Do yourself a favour and read the book.


----------



## ReadWryt (Jul 28, 2002)

Middle-earde (Middle-earthe) being the middle english term for the "Land in between the waters", Middle-earth was meant to be an ancient prehistoric representation of our own Earth. Tolkien created the mythology after being heartstruck by the fact that England had no mythology of it's own. Here is this poor philologist reading everything he can get his hands on in the most arcane and ancient languages, most of the content of which being mythological in nature, and England was bereft of any mythology of her own. If anyone is interested I could quote the places in "The Letters of J.R.R. Tolkien" where he discusses the fact that Middle-earth is our Earth...


----------



## Walter (Jul 29, 2002)

If memory serves me well, the first occurrence of men-like creatures can be dated roughly a million of years ago. The first civilizations we know of can be dated roughly some thousands of years ago. So - there should be room enough in between for 3, 4 or 5 ages of Mittelerde...


----------



## Jon (Jul 31, 2002)

Luthiniel - are you sure Slavs are mainly blond? I thought they were mostly dark haired and eyes with paler skin. For example Yugoslavians are dark.

Why would Tolkien base his story around Bulgaria?


----------



## Lantarion (Aug 1, 2002)

Hmm, odd question.. 
But I happen to believe that Tolkien wanted to loosely set Middle_Earth in Europe, metaphorically.

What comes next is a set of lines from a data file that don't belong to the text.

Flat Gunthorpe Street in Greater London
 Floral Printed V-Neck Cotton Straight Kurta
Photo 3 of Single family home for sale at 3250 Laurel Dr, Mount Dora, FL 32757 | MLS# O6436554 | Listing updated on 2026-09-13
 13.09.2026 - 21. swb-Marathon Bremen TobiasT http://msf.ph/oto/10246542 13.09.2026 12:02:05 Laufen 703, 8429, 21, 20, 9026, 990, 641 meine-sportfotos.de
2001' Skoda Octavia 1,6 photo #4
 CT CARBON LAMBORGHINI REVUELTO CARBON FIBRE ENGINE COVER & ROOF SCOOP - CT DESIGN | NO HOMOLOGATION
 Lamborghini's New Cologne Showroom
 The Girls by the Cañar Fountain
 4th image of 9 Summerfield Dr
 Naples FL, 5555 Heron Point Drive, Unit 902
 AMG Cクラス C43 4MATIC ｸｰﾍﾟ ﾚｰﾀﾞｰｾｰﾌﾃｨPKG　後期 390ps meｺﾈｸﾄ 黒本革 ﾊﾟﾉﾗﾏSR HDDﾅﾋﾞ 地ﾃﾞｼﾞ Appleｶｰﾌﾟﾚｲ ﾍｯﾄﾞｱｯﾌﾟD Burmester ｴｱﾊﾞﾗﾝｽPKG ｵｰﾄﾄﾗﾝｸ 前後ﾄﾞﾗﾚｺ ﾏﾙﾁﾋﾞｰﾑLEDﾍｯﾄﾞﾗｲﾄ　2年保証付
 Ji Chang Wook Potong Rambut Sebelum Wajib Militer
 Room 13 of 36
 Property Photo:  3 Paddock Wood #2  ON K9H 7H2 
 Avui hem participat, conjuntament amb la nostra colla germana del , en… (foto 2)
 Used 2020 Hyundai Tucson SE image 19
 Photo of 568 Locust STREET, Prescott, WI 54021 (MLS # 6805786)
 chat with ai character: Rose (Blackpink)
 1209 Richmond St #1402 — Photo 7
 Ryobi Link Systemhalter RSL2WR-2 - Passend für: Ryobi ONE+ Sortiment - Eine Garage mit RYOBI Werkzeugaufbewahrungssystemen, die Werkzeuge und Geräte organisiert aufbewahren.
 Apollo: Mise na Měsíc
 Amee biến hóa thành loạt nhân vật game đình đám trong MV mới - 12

In an excellent (IMO) book I have, the revised edition of the Atlas of Middle-Earth, maps of Arda before and after the great Change are shown; and in each map the is a largeer continent in the far south, connected to Middle-Earth, which is curiously shaped like Africa.. And the north of Middle-Earth (in the Third Age) looks a lot like Scandinavia, IMHO.


----------



## Ceorl (Aug 2, 2002)

I am assume you refer to the maps by David Day? He certainly knows what he is talking about but I dont think any of the Tolkiens ever verified such a map.

He is very good though isn't he?


----------



## Lantarion (Aug 2, 2002)

No, I actually mean the book by Karen Wynn Fonstad.


----------



## Tyaronumen (Aug 2, 2002)

> _Originally posted by ReadWryt _
> *...well, except for the complete lack of any archeological evidence of Elves, Trolls, Balrogs, giant Dwarven caverns or geological evidence that the planet was at one time flat... *




ReadWryt, didn't you know that Eru got rid of all of the evidence, remade the Earth in a round shape, and then placed the dinosaur bones in the Earth to amuse our scientists...?


----------